By 07:44 GMT, Brent crude futures eased 12 cents, or 0.18%, to $64.88 a barrel, while U.S. West Texas Intermediate (WTI) crude slipped 21 cents, or 0.35%, to $60.36.
“A stronger USD weighed on investor appetite across the commodities complex,” ANZ analysts said in a client note.
The greenback strengthened after Federal Reserve Chair Jerome Powell signaled on Wednesday that another rate cut in December was “not guaranteed,” boosting the dollar and adding pressure on dollar-priced commodities.
Crude also came under strain following official data showing that China’s manufacturing activity contracted for the seventh consecutive month in October, reinforcing concerns about demand from the world’s top oil importer.
Both Brent and WTI are on track to fall about 3% this month as global supply growth continues to outpace demand. Producers within the Organization of the Petroleum Exporting Countries (OPEC) and their non-OPEC partners have steadily ramped up output in an effort to maintain market share.
The additional supply is expected to cushion the impact of Western sanctions on Russian oil exports to key markets such as China and India.
Sources familiar with the discussions said OPEC+ members are leaning toward a modest production increase in December, ahead of the group’s scheduled meeting on Sunday. The alliance has already lifted its production targets by more than 2.7 million barrels per day (bpd), equivalent to roughly 2.5% of global supply, through a series of gradual monthly increases.
Saudi Arabia, the world’s largest oil exporter, boosted its crude shipments to a six-month high of 6.407 million bpd in August, according to data from the Joint Organizations Data Initiative. Exports are expected to climb further in the coming months.
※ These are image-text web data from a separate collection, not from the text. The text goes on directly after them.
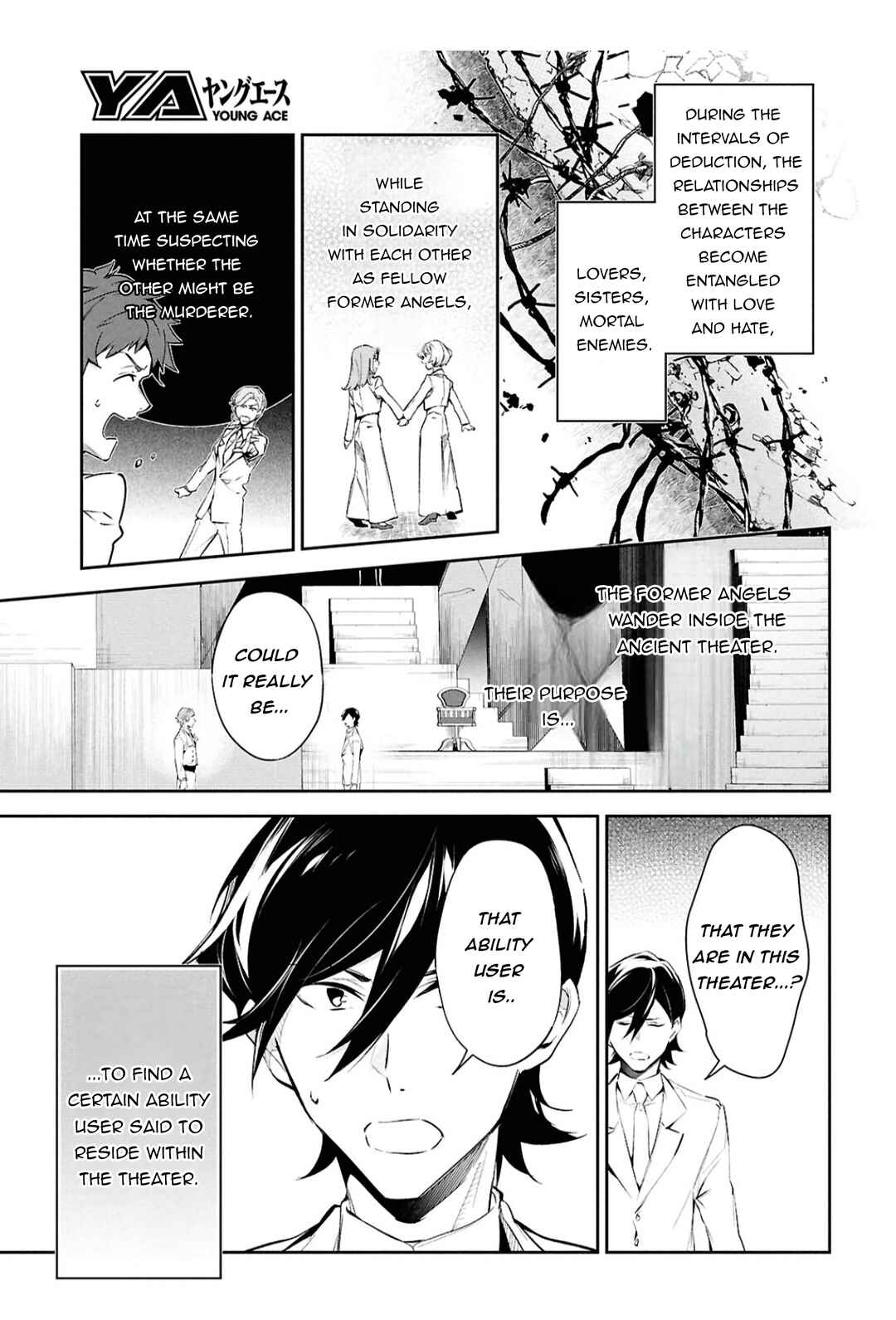 Page 10 Chapter 7 Bungou Stray Dogs - Tantei-sha Setsuritsu Hiwa?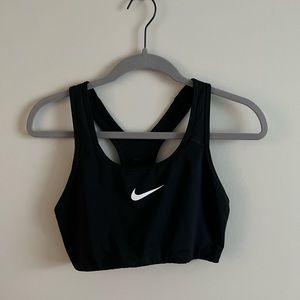 Nike racerback sports bra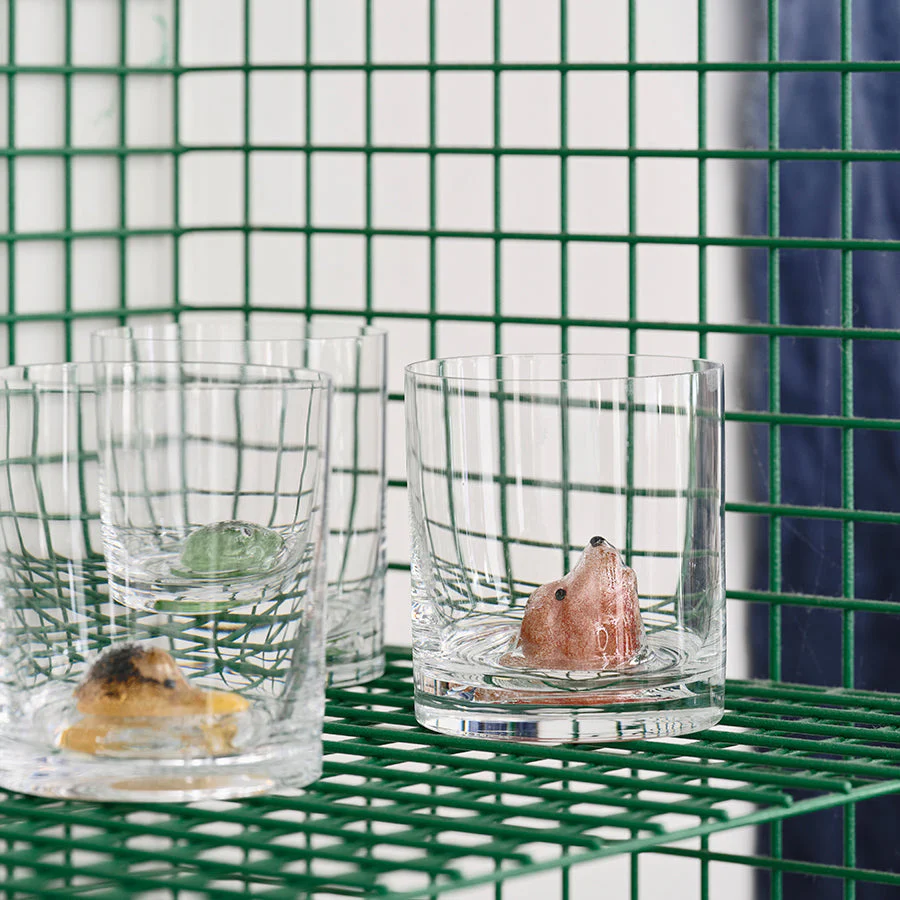 Kosta Boda New Friends Tumbler Duck - Image 7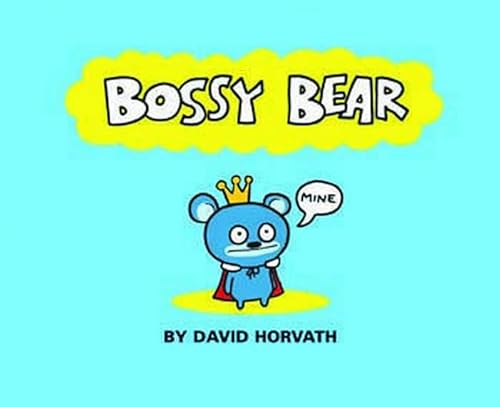cover image Bossy Bear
In the U.S., Energy Information Administration data showed output hit a record 13.6 million bpd last week.
Meanwhile, U.S. President Donald Trump said Thursday that China had agreed to start purchasing American energy, noting that “a very large-scale transaction may take place involving the purchase of oil and gas from Alaska.”
Still, analysts remained skeptical about the potential boost to Chinese demand. Barclays’ Michael McLean wrote, “Alaska produces only 3% of total U.S. crude oil output (not significant), and we think Chinese purchases of Alaskan LNG likely would be market driven.”